Each line of the data is to be output verbatim, with the images removed.

━━━ SOURCE MATERIAL

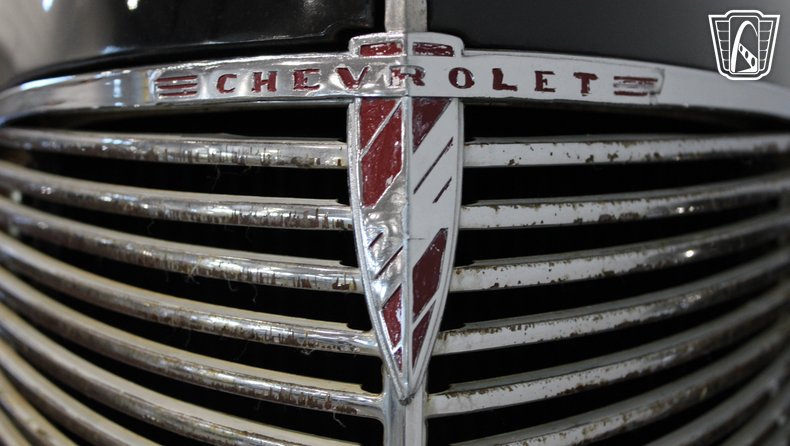 1939 Chevrolet Master Deluxe 144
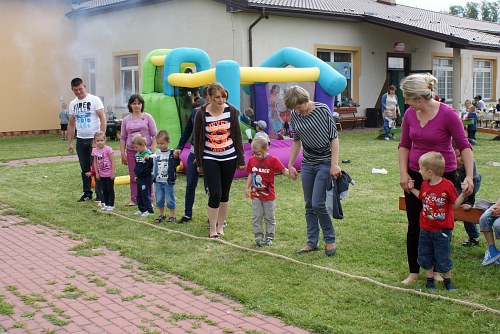 Piknik rodzinny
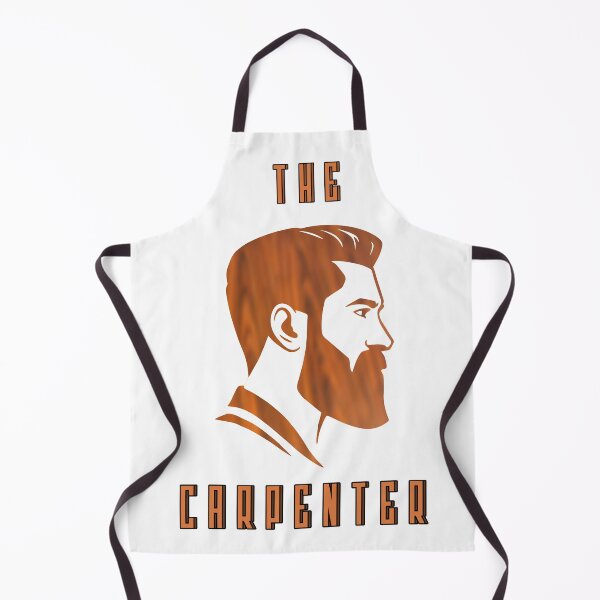 Item preview, The Bearded Carpenter designed and sold by 2-Of-A-Kind.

━━━━━━

COMPLETED EXERCISE -
 1939 Chevrolet Master Deluxe 144
 Piknik rodzinny
 Item preview, The Bearded Carpenter designed and sold by 2-Of-A-Kind.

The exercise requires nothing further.